A creamy air fryer cheesecake, perhaps topped with sweet-tart cherry pie filling, is hard to beat. But I know a lot of people are intimidated by a water bath and the time it takes to cook so they just avoid baking cheesecakes altogether. This air fryer cheesecake recipe doesn’t need a water bath and takes only 20 minutes to bake! It is dreamy, rich, slightly tangy cheesecake perfection.
Making cheesecake in the air fryer is very simple: Make the buttery graham cracker crust, whip up the velvety filling, and bake the cheesecake in the air fryer! Keep in mind that you need to let air fryer cheesecake chill for several hours (preferably overnight) so that it is completely set before you slice it. So it’s a good idea to make it the day before you plan on serving it. For more cheesecake recipes, try my no bake cheesecake, Basque cheesecake, and turtle cheesecake.
What you need to make this recipe
Crust — you need just 3 simple ingredients for a buttery graham cracker crust: graham cracker crumbs, melted unsalted butter, and granulated sugar.
Cream cheese — use blocks of cream cheese, not the whipped kind that comes in a tub. And stick to full-fate blocks of cream cheese. Reduced or non-fat cream cheese will not produce the same, luscious filling you expect from a good cheesecake!
Sugar — granulated sugar adds sweetness to the air fryer cheesecake.
Eggs — eggs help thicken and bind the batter for a smooth, velvety texture.
Sour cream — sour cream adds moisture and a subtle tang to the filling.
Vanilla — use good vanilla extract, not vanilla essence.
How to make air fryer cheesecake
1. Make the crust by combining graham cracker crumbs, melted butter, and granulated sugar in a medium bowl. Stir until the mixture looks like wet sand.
2. Lightly grease a 7- or 8-inch springform pan.
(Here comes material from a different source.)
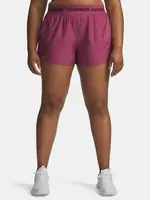 Under Armour Tech Play Up Shorts&-RED - Women's Shorts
The size you choose will depend on the size of your air fryer basket. Press the crust mixture firmly into the bottom of the greased pan, and do not press up the sides. You can use a glass to flatten out the crust’s surface. Freeze while you work on the filling.
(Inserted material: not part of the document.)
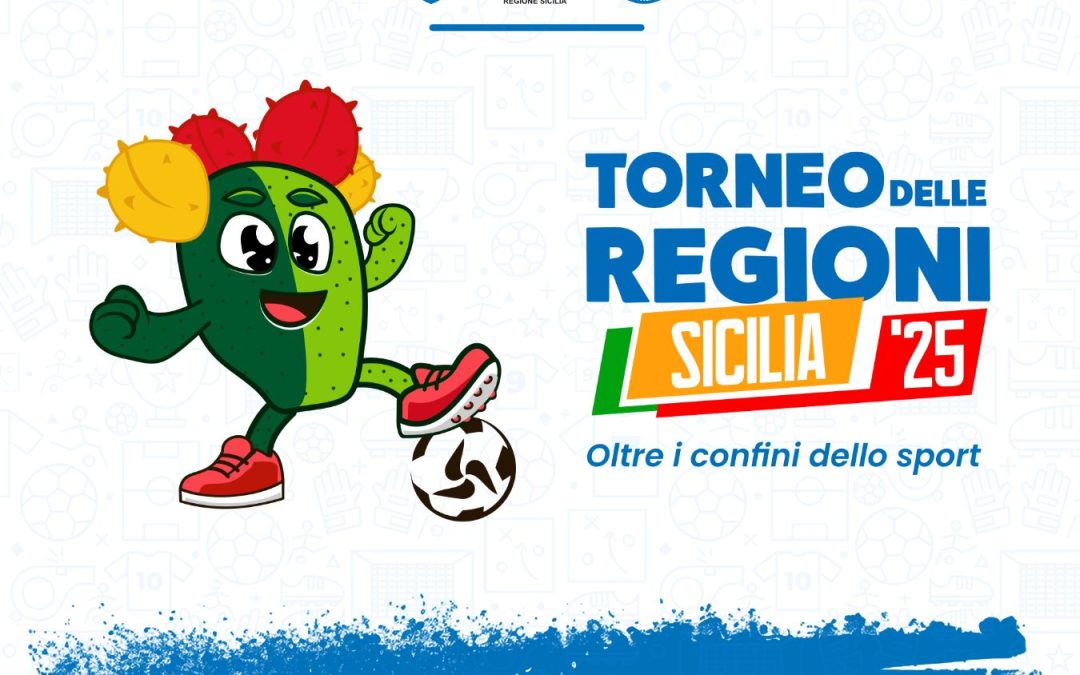 Calcio, sarà presentato sabato il Torneo delle Regioni in Sicilia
3. In a large bowl, beat the softened cream cheese using a hand mixer or a stand mixer fitted with the paddle attachment on medium speed. Add the granulated sugar and continue to beat until combined.
4. Add the large eggs, one by one, and beat until each is well incorporated. Stop every now and then to scrape down the sides of the bowl.
5. Add the sour cream and vanilla extract, and beat just until the cheesecake batter is smooth.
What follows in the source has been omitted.